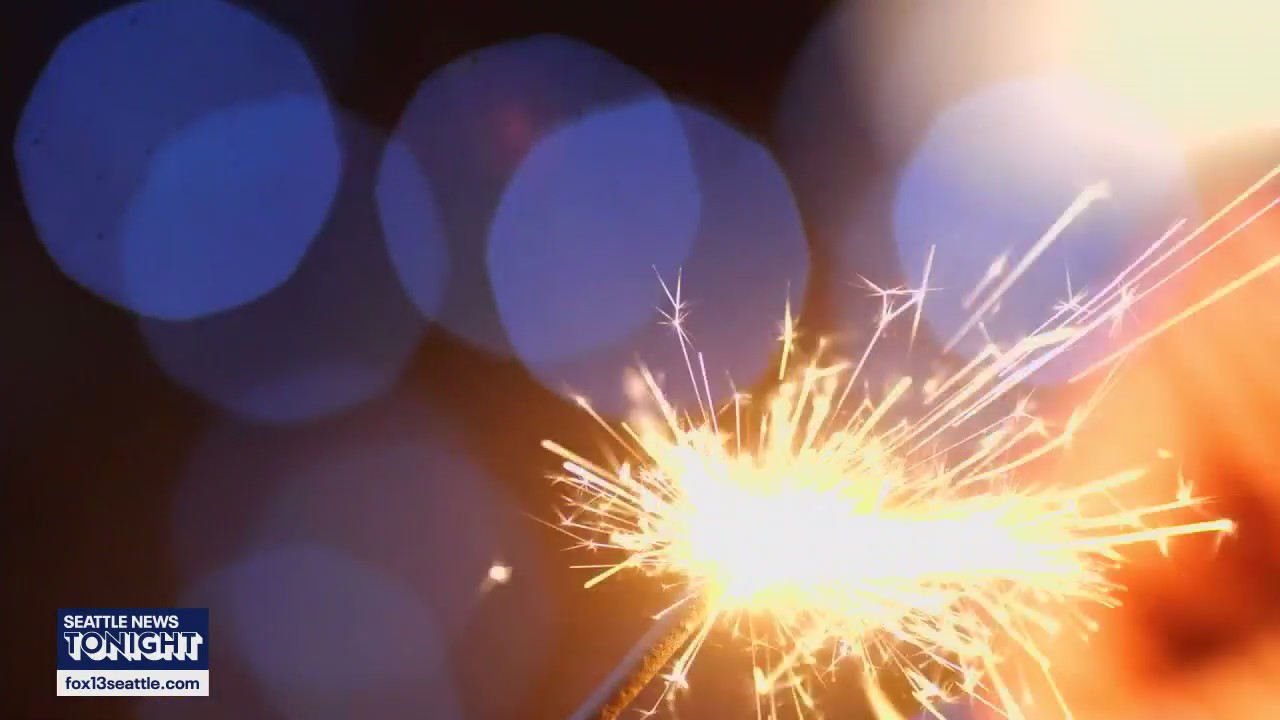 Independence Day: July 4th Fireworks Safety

____________

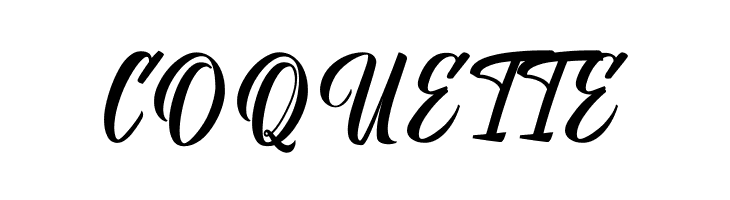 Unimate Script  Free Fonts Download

____________

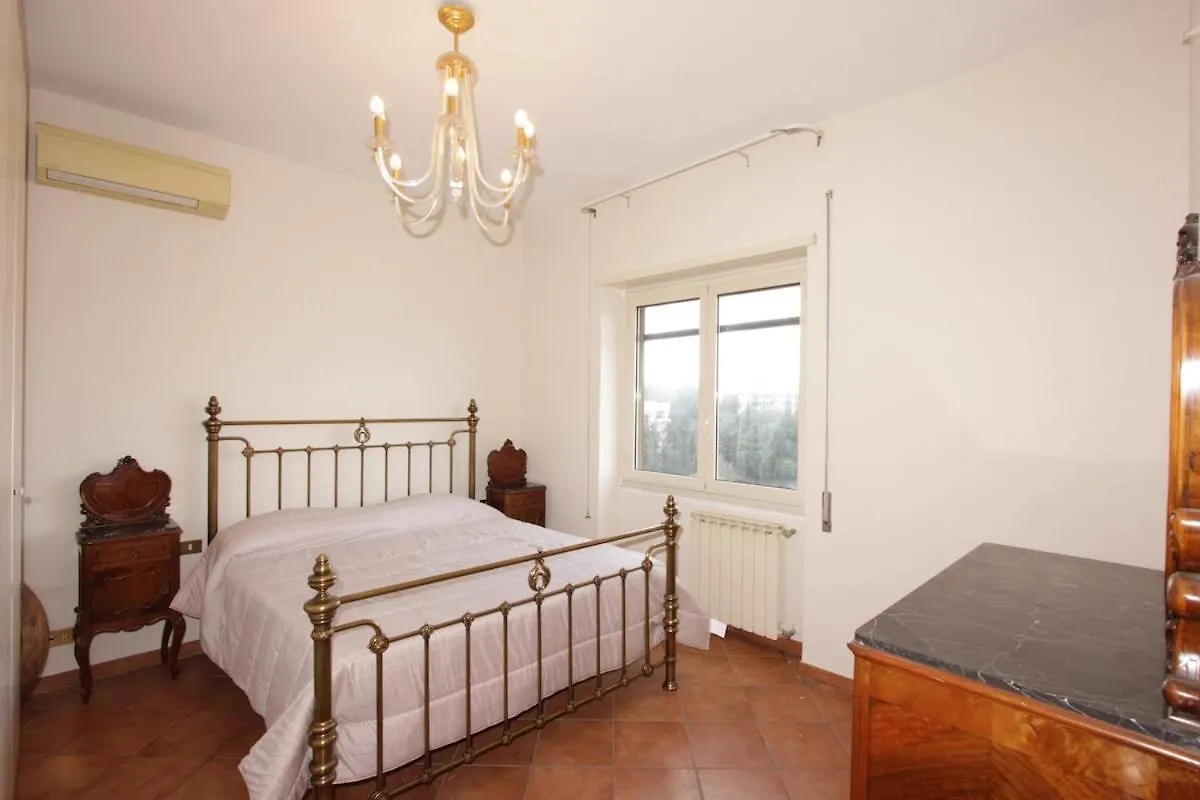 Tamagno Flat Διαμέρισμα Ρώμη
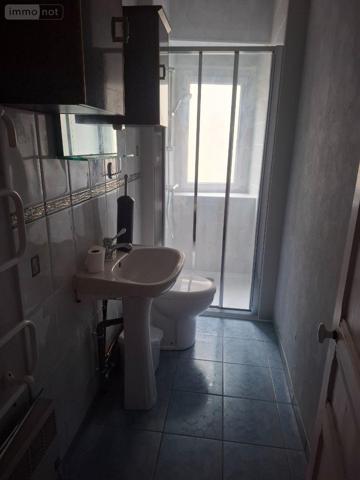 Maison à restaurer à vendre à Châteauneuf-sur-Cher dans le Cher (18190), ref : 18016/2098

____________

In the data above, find the line containing "Tamagno Flat Διαμέρισμα Ρώμη" and the line containing "Maison à restaurer". Repeat those two lines and everything between them exactly, minus the pictures.

RESULT:
 Tamagno Flat Διαμέρισμα Ρώμη
 Maison à restaurer à vendre à Châteauneuf-sur-Cher dans le Cher (18190), ref : 18016/2098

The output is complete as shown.